(Directions): Without any of the pictures, print every record below exactly.
○ ○ ○ ○ ○ ○ ○
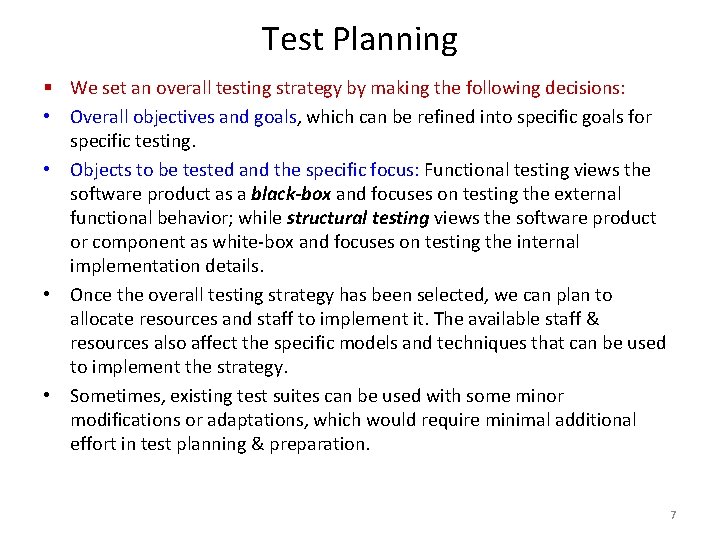 Test Planning § We set an overall testing strategy by making the following decisions:
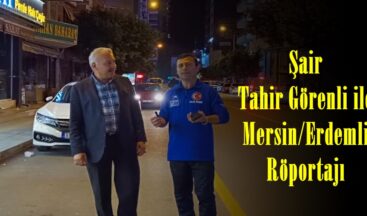 Şair Tahir Görenli ile Mersin/Erdemli Röportajı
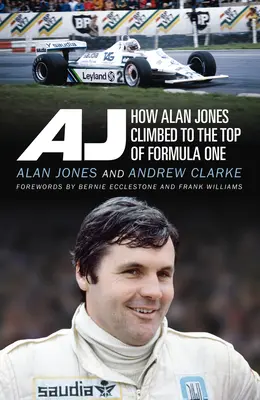 Aj : Comment Alan Jones s'est hissé au sommet de la Formule 1 - Aj: How Alan Jones Climbed to the Top of Formula One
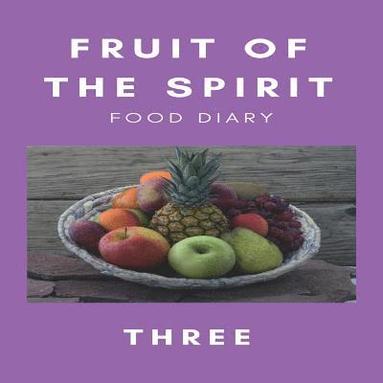 bokomslag Fruit of the Spirit Food Diary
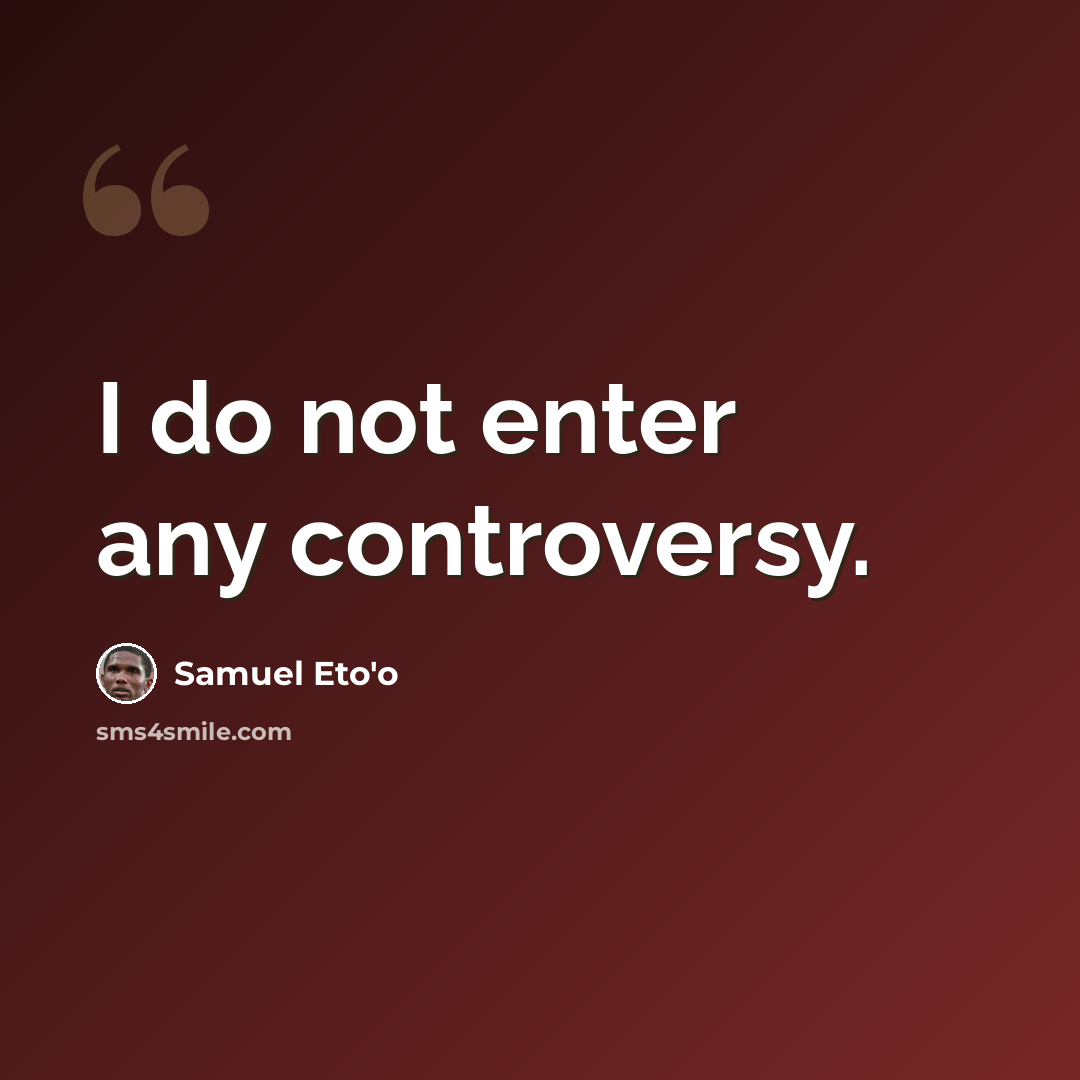 “I do not enter any controversy.” quote by Samuel Eto'o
○ ○ ○ ○ ○ ○ ○
(Solution for this problem):
 Test Planning § We set an overall testing strategy by making the following decisions:
 Şair Tahir Görenli ile Mersin/Erdemli Röportajı
 Aj : Comment Alan Jones s'est hissé au sommet de la Formule 1 - Aj: How Alan Jones Climbed to the Top of Formula One
 bokomslag Fruit of the Spirit Food Diary
 “I do not enter any controversy.” quote by Samuel Eto'o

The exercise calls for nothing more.